In forty-two dizzying
chapters,
Catch-22 tells the story of Yossarian’s increasingly desperate attempts to avoid flying any more bombing
missions during World
War II. His superior officer, Colonel Cathcart, progressively increases the number of
required missions, starting at thirty-five and going up to eighty, when Yossarian finally takes an effective stand. During that time, readers are witness to an absurd series of mishaps developing from (or in spite of) an incompetent U.S. military, which is somehow winning the war against Germany.
The chronology of events signaled by the number of missions that Yossarian has flown at any particular point, is deliberately obscured. Among chapters, and even in individual chapters, scenes occur out of order. Colonel Cathcart raises the required missions to fifty near the beginning of the book, but later readers learn about earlier missions; a soldier’s death, recounted at the end of the book, in fact precedes most of the other action. Yet, the subversion of a standard chronological sequence does not necessarily make the
novel less accessible. Taken in the light of the novel’s subject—the insanity of war—Joseph Heller’s decision to depart from a conventional plot structure seems perfectly natural. Indeed, the unconventional storyline captures something of the turmoil inherent in his protagonist, Yossarian.
A psychiatrist diagnoses Yossarian at one point with a "morbid aversion to
dying." There is little doubt about Yossarian’s unwillingness to fight. He feigns sickness, shows up naked for inspection, fakes equipment failure, and puts soap in the squadron’s mashed potatoes—all attempts to avoid one mission or another. He also entreats Major Major (who earned his rank through a computer with a sense of humor), Milo Minderbinder, and the chaplain to speak to Colonel Cathcart about his cruel habit of increasing the required missions just when Yossarian is about to finish. Cathcart is unshakable, however, and Yossarian ends up flying nearly eighty missions. As a bombardier, he has numbed himself to the destruction that he causes, although he is acutely aware of the threat to his own life. "They’re trying to kill me," Yossarian complains early in the novel, unconsoled by the knowledge that the Germans are also trying to kill everyone else. Yet, something keeps Yossarian from simply leaving, or refusing to fly, until the end of the novel. It is true that he fears personal retribution, but he also acts with some unaccountable faith in others. He feels genuine compassion for dead and dying soldiers, expects (even in the end) that a murderer will be held accountable, and chooses to desert rather than to accept a deal that would allow Cathcart to continue exploiting the other men in the squadron. Yossarian retains a vestige of moral sense in a world that has shirked it.

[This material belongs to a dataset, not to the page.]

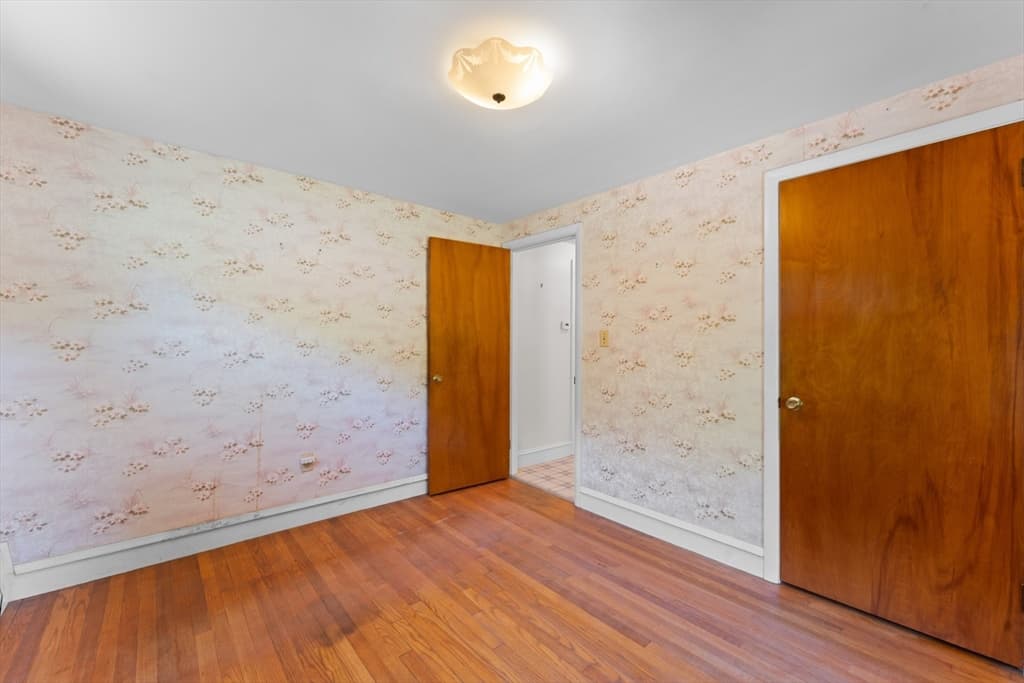 Single Family Residence at 48 Westbrook Dr, Seekonk MA 02771, Seekonk, photo 21 of 33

Intertwined with Yossarian’s story are those of the people around him—generals concerned more with fighting one another than the Germans; a doctor who thinks that his own situation is incomparably worse than that of his patients; a hospitalized soldier who may or may not exist underneath a full-body cast; and Milo Minderbinder, who will sell military plans as readily as Egyptian cotton. These characters and their stories are not truly secondary, because they prove relevant to Yossarian. For example, the pilot Orr, whose habits of stuffing his cheeks with crab apples and crashing his plane appear absurd and random, is actually planning for his own escape, which in turn inspires Yossarian.